You could spend the money on pursuing reductions outside the cap though, like protecting international forests, clean development generally, or trying to reduce our emissions in noncapped sectors (like agriculture). And most climate bills do some of this. But if you're spending on clean tech deployment in capped sectors, you're either raising or lowering the national cost of meeting the cap, but probably not contributing extra reductions beyond the cap. And I'd be generally skeptical, outside of addressing certain market failures such as transmission capacity and information problems with efficiency, that a broad program of energy deployment would really deploy resources more efficiently than private actors investing with their own money.

I could be missing part of your plan though. How do you see your deployment program interacting with the cap itself to exceed it?

Hi Jesse,

Thanks for your insightful blog and publicizing our report. Just a minor point, but the percentage of emissions allowance that can be met by offsets steadily rises over time (see the figure).

So by 2050 offsets can equal 2/3 of emissions allowances. Realistically, this doesn't make sense, because by 2050, one would expect source countries of offsets (India, China, Brazil) to also be reducing emissions, either through international agreements of their own domestic legislation. But this is what the bill allows!

Hi Payal, thanks for your work on this report as well. Excellent analysis. Yes, I noticed that the level of offsets allowed is set in absolute terms, not as a percentage of required allowances, which would make the volume of offsets allowed decline proportionately over time as the cap goes down (and would make more sense).

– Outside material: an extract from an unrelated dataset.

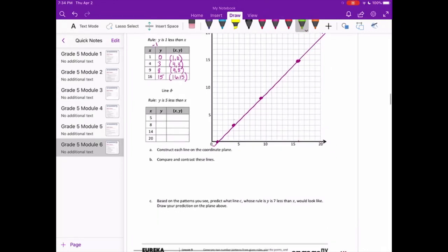The rule for Line B is y is 5 less than x, so y equals x minus 5. We have (5,0); 8 minus 5 is 3, so (8,3); 14 minus 5 is 9, so (14,9); and 20 minus 5 is 15, so (20,15).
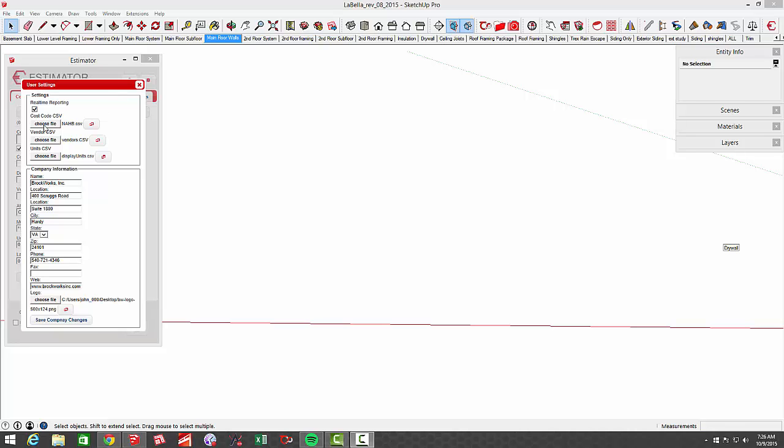The first one is cost codes, and it comes preloaded with NEHB, the National Association of Home Builders cost codes. But you can upload your own or you can edit this file.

Seems crazy to think we'd be able to find 2 billion tons of good reliable offsets today, let alone in 2040 or 2050 as you point out. Thanks for the comment.

The bottom line for me is that a carbon tax isn’t subject to the extreme price volatility generated by an inflexible carbon cap. Consequently, its stable price would encourage new investors to put capital in new energy R&D and would incentivize U.S. businesses to invest in more efficient energy sources. It's a win-win.